▶ [Brief]:
Print out the data below in full and exactly, skipping the pictures.

▶ [Data extract]:
★ ★ ★ ★ ★

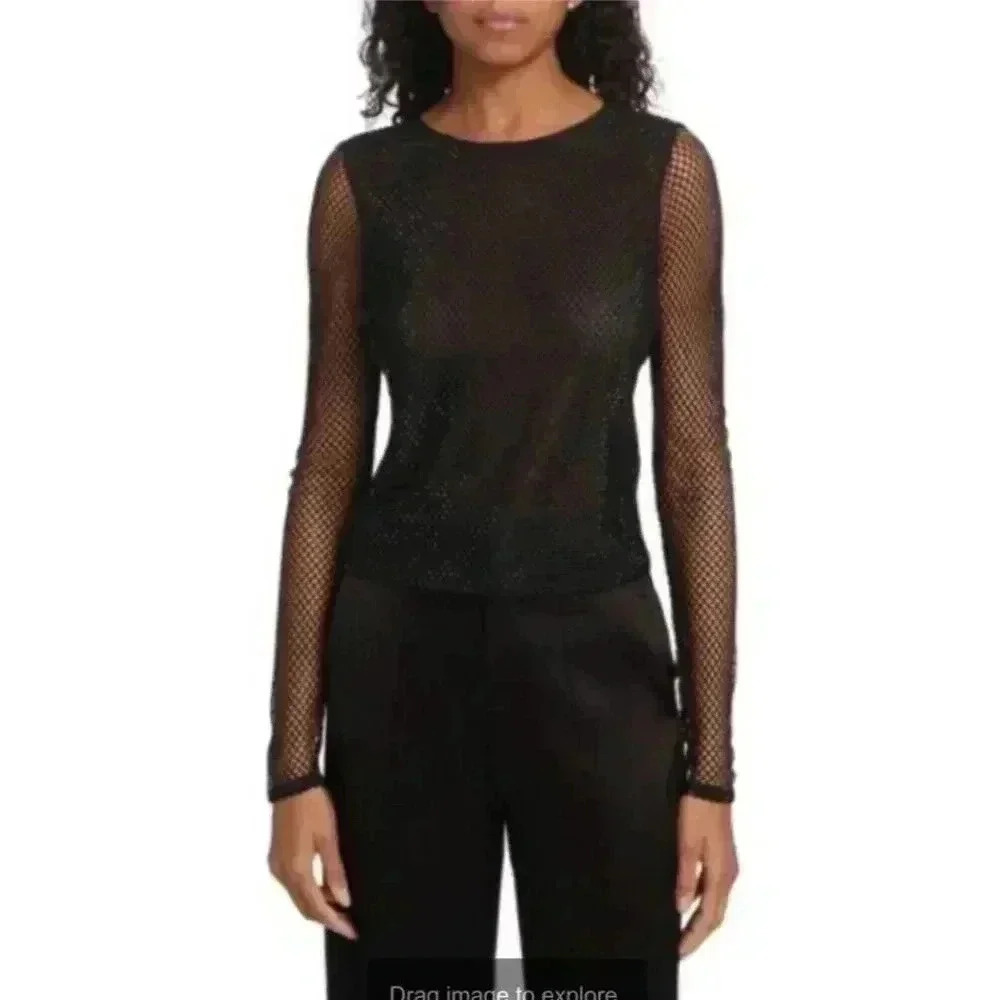 Alice + Olivia Black Delania Sequin Cropped Top Long Sleeve Blouse Size S/M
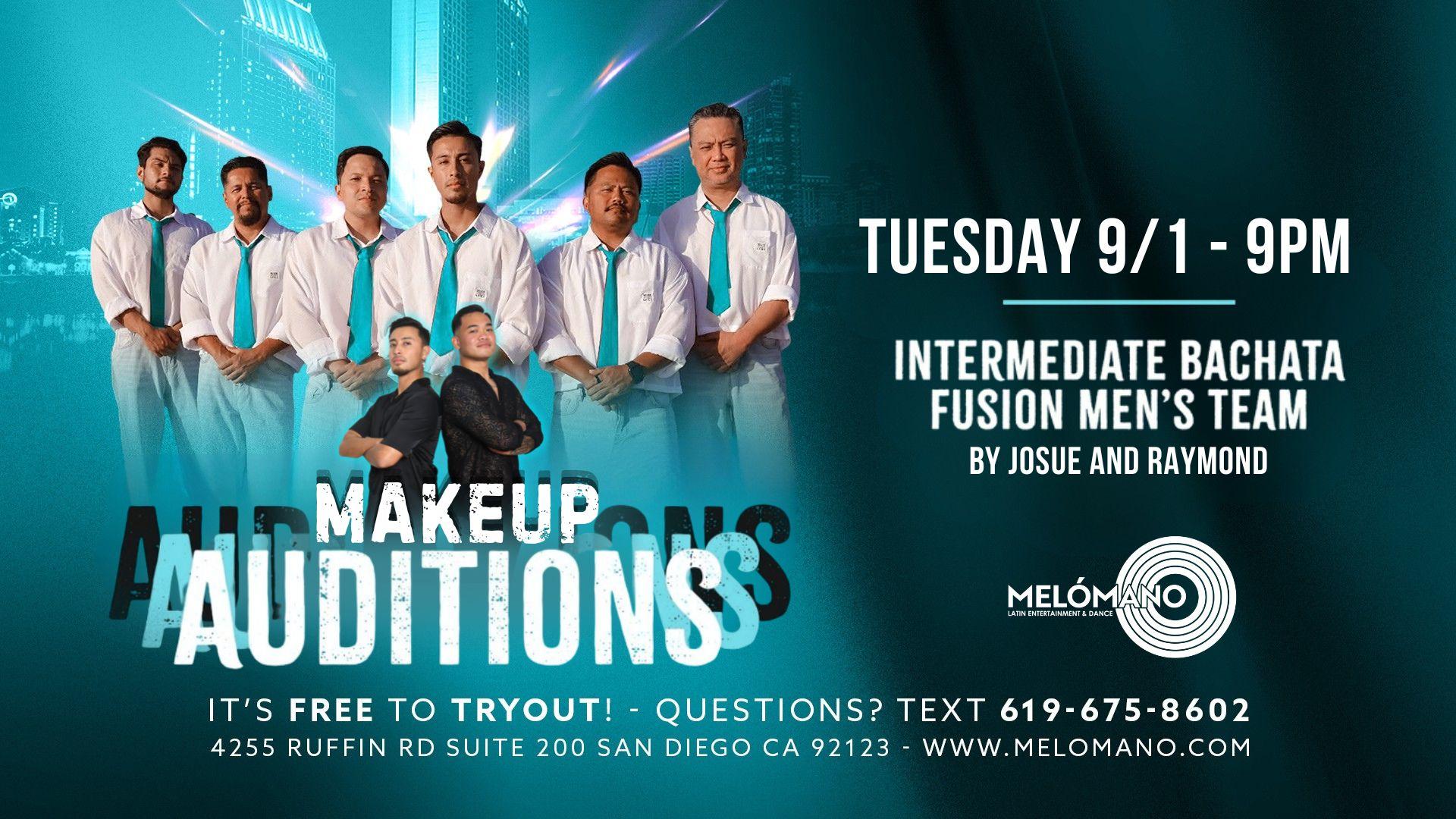 FREE Melómano Intermediate Bachata Fusion Men’s Team Tryout! 9/1 (MAKEUP) event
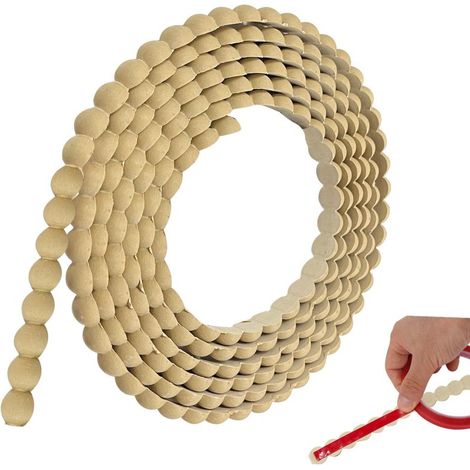 Irovami Galon de perles rondes en résine PVC de 10 pouces (rouleau complet) — Accessoire de mobilier / Couleur bois naturel — 3 mètres (Diamètre des perles : 15 mm) (1/5)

★ ★ ★ ★ ★

▶ [Answer space]:
 Alice + Olivia Black Delania Sequin Cropped Top Long Sleeve Blouse Size S/M
 FREE Melómano Intermediate Bachata Fusion Men’s Team Tryout! 9/1 (MAKEUP) event
 Irovami Galon de perles rondes en résine PVC de 10 pouces (rouleau complet) — Accessoire de mobilier / Couleur bois naturel — 3 mètres (Diamètre des perles : 15 mm) (1/5)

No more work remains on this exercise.